Stored data

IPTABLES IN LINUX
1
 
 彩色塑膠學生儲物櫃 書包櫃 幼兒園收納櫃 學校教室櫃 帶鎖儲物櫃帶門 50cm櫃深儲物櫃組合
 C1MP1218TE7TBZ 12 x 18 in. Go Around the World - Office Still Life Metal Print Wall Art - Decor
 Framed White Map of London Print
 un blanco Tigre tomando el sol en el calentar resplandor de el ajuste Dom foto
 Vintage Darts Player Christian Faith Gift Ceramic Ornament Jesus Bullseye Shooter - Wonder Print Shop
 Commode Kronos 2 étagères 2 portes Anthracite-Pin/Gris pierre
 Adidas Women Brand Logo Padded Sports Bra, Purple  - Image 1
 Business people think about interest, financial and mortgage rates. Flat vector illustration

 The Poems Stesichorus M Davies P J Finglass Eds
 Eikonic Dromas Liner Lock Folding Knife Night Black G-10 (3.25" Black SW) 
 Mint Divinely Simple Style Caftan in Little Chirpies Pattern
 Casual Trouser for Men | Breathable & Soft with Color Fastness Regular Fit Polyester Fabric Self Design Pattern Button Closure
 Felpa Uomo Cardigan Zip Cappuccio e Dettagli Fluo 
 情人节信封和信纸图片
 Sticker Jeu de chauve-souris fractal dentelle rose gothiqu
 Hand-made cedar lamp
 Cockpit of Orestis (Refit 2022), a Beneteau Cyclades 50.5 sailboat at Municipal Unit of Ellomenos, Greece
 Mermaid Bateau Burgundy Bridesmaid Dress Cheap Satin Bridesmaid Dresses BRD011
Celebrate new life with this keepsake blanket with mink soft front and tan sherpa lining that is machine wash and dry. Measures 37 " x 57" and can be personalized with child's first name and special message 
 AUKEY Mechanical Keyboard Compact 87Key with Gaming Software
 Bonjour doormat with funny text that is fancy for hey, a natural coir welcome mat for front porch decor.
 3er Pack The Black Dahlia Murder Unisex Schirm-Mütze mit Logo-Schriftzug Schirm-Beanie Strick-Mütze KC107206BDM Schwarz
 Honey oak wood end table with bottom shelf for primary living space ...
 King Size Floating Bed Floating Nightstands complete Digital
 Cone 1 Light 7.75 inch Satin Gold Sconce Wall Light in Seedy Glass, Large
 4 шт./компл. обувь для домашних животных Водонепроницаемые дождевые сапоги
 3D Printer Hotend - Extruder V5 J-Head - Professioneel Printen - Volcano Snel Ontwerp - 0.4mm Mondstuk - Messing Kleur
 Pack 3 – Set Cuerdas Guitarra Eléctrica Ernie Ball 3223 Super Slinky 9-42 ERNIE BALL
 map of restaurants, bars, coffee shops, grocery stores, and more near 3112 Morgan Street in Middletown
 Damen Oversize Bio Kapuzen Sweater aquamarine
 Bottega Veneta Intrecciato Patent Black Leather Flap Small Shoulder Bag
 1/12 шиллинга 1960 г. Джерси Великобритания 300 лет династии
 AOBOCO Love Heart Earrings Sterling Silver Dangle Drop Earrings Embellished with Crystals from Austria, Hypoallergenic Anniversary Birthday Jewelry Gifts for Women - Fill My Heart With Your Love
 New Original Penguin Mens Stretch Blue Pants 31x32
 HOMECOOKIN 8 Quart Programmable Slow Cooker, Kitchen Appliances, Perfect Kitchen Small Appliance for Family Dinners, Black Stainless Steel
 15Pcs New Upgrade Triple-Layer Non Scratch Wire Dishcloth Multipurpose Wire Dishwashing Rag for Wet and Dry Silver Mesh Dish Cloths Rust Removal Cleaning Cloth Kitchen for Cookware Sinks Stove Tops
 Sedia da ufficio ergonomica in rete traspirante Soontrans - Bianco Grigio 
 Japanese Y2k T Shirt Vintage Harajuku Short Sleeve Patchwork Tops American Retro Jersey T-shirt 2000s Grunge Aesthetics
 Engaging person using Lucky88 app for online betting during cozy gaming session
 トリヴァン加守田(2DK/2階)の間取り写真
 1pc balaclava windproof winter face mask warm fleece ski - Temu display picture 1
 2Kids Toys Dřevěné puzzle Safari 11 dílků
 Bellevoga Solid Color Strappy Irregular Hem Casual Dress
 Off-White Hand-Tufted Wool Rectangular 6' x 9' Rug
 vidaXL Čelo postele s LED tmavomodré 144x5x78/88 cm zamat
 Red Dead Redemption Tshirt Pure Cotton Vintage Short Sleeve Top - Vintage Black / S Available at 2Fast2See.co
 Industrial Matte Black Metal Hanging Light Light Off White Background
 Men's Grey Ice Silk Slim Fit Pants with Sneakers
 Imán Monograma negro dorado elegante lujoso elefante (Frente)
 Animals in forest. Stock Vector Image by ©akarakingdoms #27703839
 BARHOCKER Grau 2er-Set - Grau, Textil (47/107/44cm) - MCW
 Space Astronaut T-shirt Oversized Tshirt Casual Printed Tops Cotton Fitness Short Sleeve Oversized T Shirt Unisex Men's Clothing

> _ASSIGNMENT_:
All lines from the one containing "Bellevoga Solid Color" through the final line of the records above are to be set down exactly, and no other line is to appear.

> _SOLVED PROBLEM_:
 Bellevoga Solid Color Strappy Irregular Hem Casual Dress
 Off-White Hand-Tufted Wool Rectangular 6' x 9' Rug
 vidaXL Čelo postele s LED tmavomodré 144x5x78/88 cm zamat
 Red Dead Redemption Tshirt Pure Cotton Vintage Short Sleeve Top - Vintage Black / S Available at 2Fast2See.co
 Industrial Matte Black Metal Hanging Light Light Off White Background
 Men's Grey Ice Silk Slim Fit Pants with Sneakers
 Imán Monograma negro dorado elegante lujoso elefante (Frente)
 Animals in forest. Stock Vector Image by ©akarakingdoms #27703839
 BARHOCKER Grau 2er-Set - Grau, Textil (47/107/44cm) - MCW
 Space Astronaut T-shirt Oversized Tshirt Casual Printed Tops Cotton Fitness Short Sleeve Oversized T Shirt Unisex Men's Clothing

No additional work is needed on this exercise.